WORK began yesterday on a £4m mental health unit for old people in north Durham.

Durham City MP Gerry Steinberg performed the turf- turning ceremony at the building site in the grounds of Earl's House in Durham.

The state-of-the-art facilities were welcomed by patients groups who had long bemoaned the lack of provision for the elderly with mental problems, particularly Alz-heimer's Disease.

The new unit will replace the outdated and crumbling Roseberry and Picktree wards on the Chester-le-Street Community Hospital site, and significantly improve on the day hospital currently on the Highfield Hospital site near the town's Civic Centre.

The unit, the most advanced of its kind in the county, will include the following:

l two wards, each containing 15 single rooms, some with en-suite facilities;

l 25 day care places;

l outpatient clinics;

l other facilities including physiotherapy and occupational therapy rooms.

Sandy Taylor, chief executive at County Durham and Darlington Priority Services NHS Trust, said the new buildings were sorely needed.

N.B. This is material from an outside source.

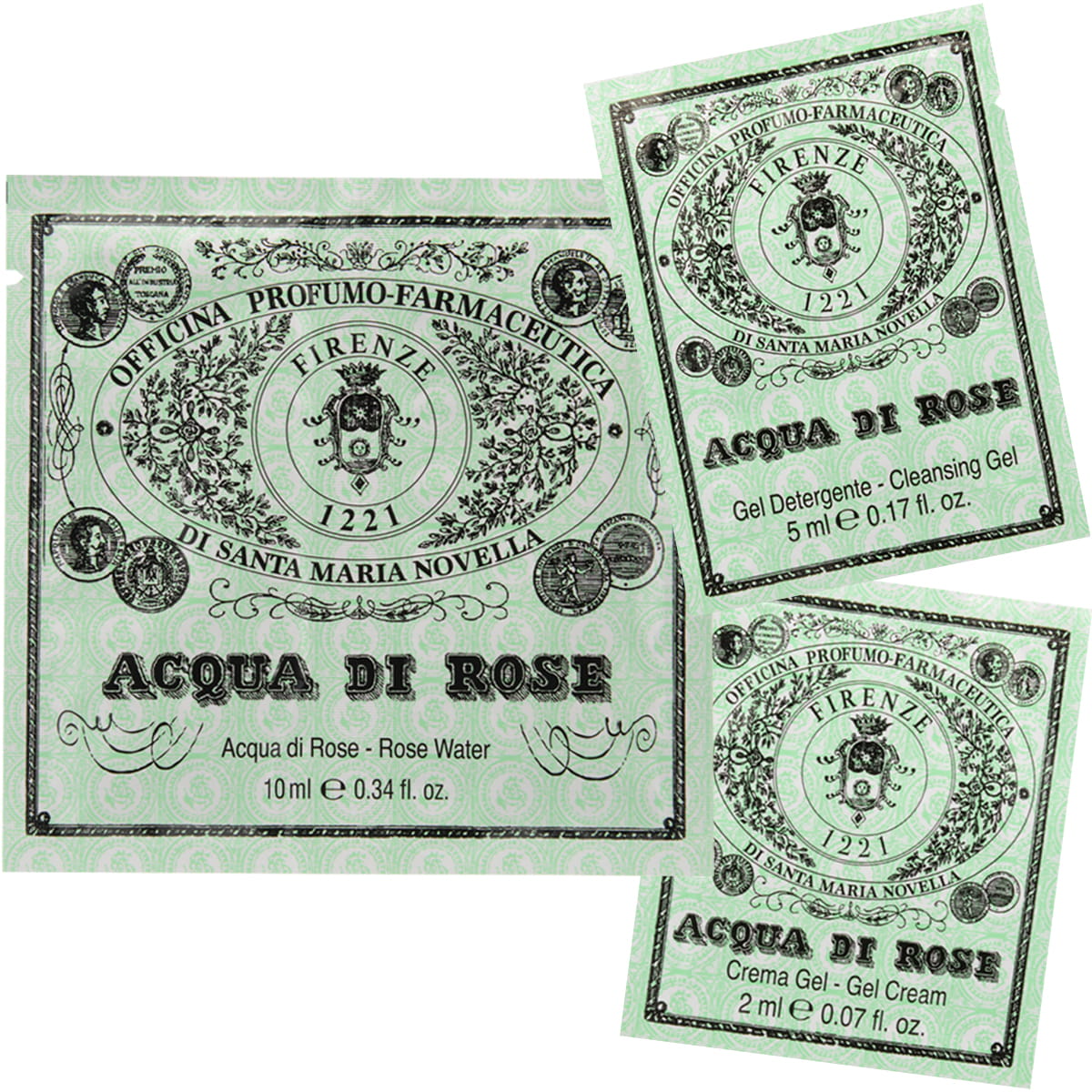 Image shows Try Me Set! that includes three sachets from the brand Santa Maria Novella.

He said: "The wards at Chester-le-Street were designed for general patients. They were very old and didn't offer the standard of privacy and dignity expected in the 21st Century.

"All the accommodation in the new unit will be single rooms, some of which will have en-suite facilities.

"In a traditional ward they are sharing with four or five people and if they get upset, everybody will get upset.

"As well as separate rooms for privacy, they are also decorated in the right way.

"We do know through research into dementia that floor coverings and the colour of doors, for instance, can have a profound effect on people when they are moved from their familiar environment - their home - to a unit.

"Some people see a change in the colour of a carpet and think it's a step, for example.

"This new unit was a once-in-a-lifetime opportunity to design a facility with this in mind and directly around the needs of patients"

Eric Turner, chairman of North Durham Community Health Council, said he was delighted that work had started on the unit. He said: "Anything that improves the quality of health care in this part of Durham has to be applauded.